CONFLICT RESOLUTION RECOMMENDATIONS
SEC. 104. The Director shall examine the manner in which each Federal department or agency conducts grant assistance programs for State and local governments with a view towards identifying areas in which the conduct of such a program by a particular department or agency conflicts with or impairs the administration of a grant assistance program by another department or agency. If the Director identifies actions by a department or agency in the conduct of its grant assistance program which conflict with or impair the administration of a grant assistance program by another department or agency, he shall submit his findings and recommendations to the President who shall take appropriate action.
LIAISON WITH FEDERAL DEPARTMENTS AND AGENCIES
SEC 105. The Director shall maintain communications and liaison between all Federal
departments and agencies administering grant assistance programs for State and local governments.

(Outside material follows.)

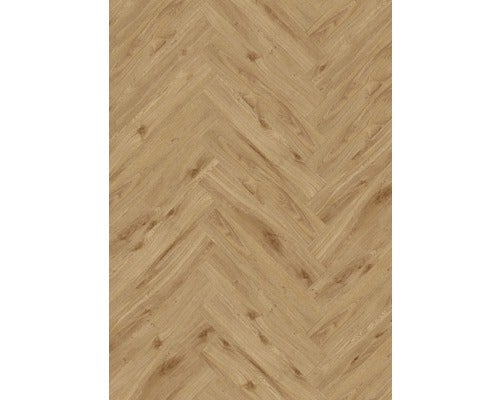Vinylboden 2.5 Dryback Eiche York braun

TECHNICAL ASSISTANCE TO STATE AND LOCAL GOVERNMENTS
SEC. 106. (a) Consistent with his functions under this title, the Director may—
(1) provide technical assistance to State and local governments to analyze and identify the problems of local government recipients of grant assistance and assist in the development of plans and programs to solve the problems identified, including advice and consultation concerning local programs, technical and professional assistance, and where necessary, the use of task forces of public officials or other individuals assigned to work with State and local governments;
(2) convene conferences of Federal, State, and local officials and such other individuals as the Director deems appropriate, to promote the purposes of this title, and provide for the reimbursement of reasonable expenses of individuals incurred in connection with participation in such conferences; and
(3) draft model legislation to further the principles and purposes of this title and make such model legislation available to State and local governments.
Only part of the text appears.